» What is expected
The data below should be printed in full, exactly, and without any of its images.

» Stored data
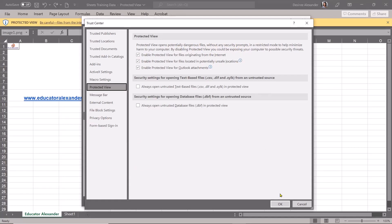If you uncheck this, click OK, and open up that file again, you will not see that enable editing button. So just in case you want to turn that off, there you go.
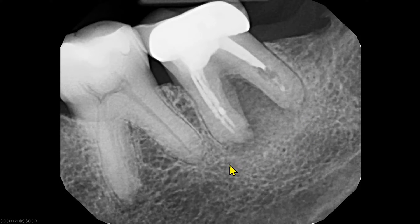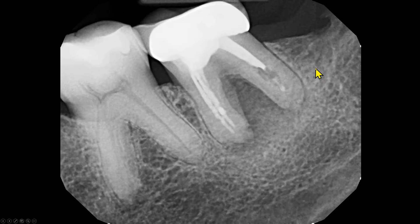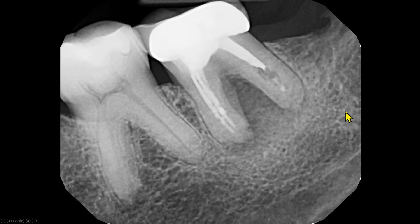Also, we do not see a distinct border of this radiopacity. It seems that the radiopacity ends here — maybe it ends here. We are having a difficulty, and this difficulty is one of the radiographic features. We are unable to define the border of the radiopacity.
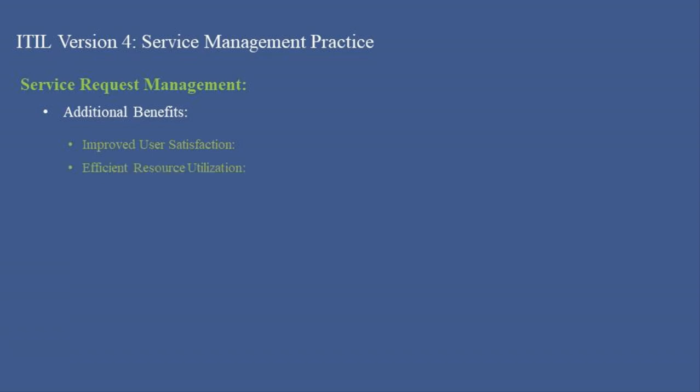Efficient Resource Utilization ensures optimal use of resources by effectively managing and fulfilling service requests. Enhanced Communication provides clear and continuous communication with users about the status of their requests.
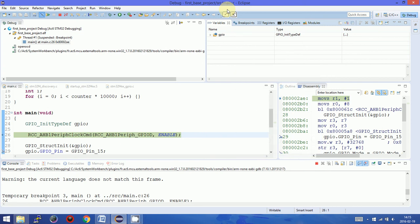Hello friends! Welcome to the next video about creating first project inside System Workbench for STM32. In the last video we finished with launching the debugger. So right now I will quickly describe how to work inside the debugger.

» Response
If you uncheck this, click OK, and open up that file again, you will not see that enable editing button. So just in case you want to turn that off, there you go.
Also, we do not see a distinct border of this radiopacity. It seems that the radiopacity ends here — maybe it ends here. We are having a difficulty, and this difficulty is one of the radiographic features. We are unable to define the border of the radiopacity.
Efficient Resource Utilization ensures optimal use of resources by effectively managing and fulfilling service requests. Enhanced Communication provides clear and continuous communication with users about the status of their requests.
Hello friends! Welcome to the next video about creating first project inside System Workbench for STM32. In the last video we finished with launching the debugger. So right now I will quickly describe how to work inside the debugger.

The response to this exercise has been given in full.